March 12, 2019

‘And again Jesus spoke to them in parables, saying, “The kingdom of heaven may be compared to a king who gave a wedding feast for his son, and sent his servants to call those who were invited to the wedding feast, but they would not come.”’Matthew 22: 1-3


An estimated 1.9 billion people worldwide tuned in to watch the 2018 royal wedding of Prince Harry and Meghan Markle. For the 2,640 actual attendees – you can bet that most did just about anything to be there. In Matthew 22, Jesus tells the story of another royal wedding celebration. The king’s son was getting married and the reception would be a huge event, but the invited guests didn’t respond the way you might think.

Wedding celebrations were a bit different in the first century. For starters, it was the father of the groom who took on the responsibility of planning and paying for a reception.

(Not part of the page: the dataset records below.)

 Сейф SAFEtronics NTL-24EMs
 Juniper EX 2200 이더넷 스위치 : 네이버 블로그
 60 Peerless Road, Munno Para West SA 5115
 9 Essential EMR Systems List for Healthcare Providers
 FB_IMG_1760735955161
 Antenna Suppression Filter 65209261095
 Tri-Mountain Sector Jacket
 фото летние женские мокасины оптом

Secondly, celebrating a marriage lasted more than a few hours – we’re talking up to a full week! Finally, rather than sending out a “save the date” invite a few months in advance, the king would send out servants to let people know the celebration was happening, right now! And amazingly, the guests would drop everything to attend.

Only, in Jesus’ parable, the guests didn’t show up. The king’s servants were ignored; some were even attacked. This definitely wasn’t your usual response to a royal wedding invitation. So, the king told the servants to invite anyone and everyone they could find – the typically “undeserving guests” or the ordinary folk you wouldn’t expect to find at a king’s banquet table. Since Jesus’ parables always have a deeper meaning, what’s this story getting at?

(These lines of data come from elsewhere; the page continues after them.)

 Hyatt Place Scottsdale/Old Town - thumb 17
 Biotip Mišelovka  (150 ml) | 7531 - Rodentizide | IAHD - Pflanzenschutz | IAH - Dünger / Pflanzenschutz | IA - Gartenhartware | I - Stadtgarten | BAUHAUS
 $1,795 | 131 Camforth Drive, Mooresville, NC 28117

The king represents God the Father, and His son is Jesus. The servants, sent out as messengers, are the Old Testament prophets, the disciples, the early church — everyone sent before and after Jesus to share His story with others. The guest are the Jews, because Christ, as a Jew Himself and born in Israel came first for the Jews. But the majority of the guests (just like many Jews throughout history) refused to attend the celebration. Their hearts were hardened.

Jesus’ message in this story is God’s heart for the lost. It’s a reminder to the church that we are to go out to the highways and the byways of the world, inviting every kind of person to the celebration that is the Kingdom of God. This means both the “good” and “bad” people, high society and the outcasts are invited. But as with any invitation, each of us has a choice. Will you attend the celebration?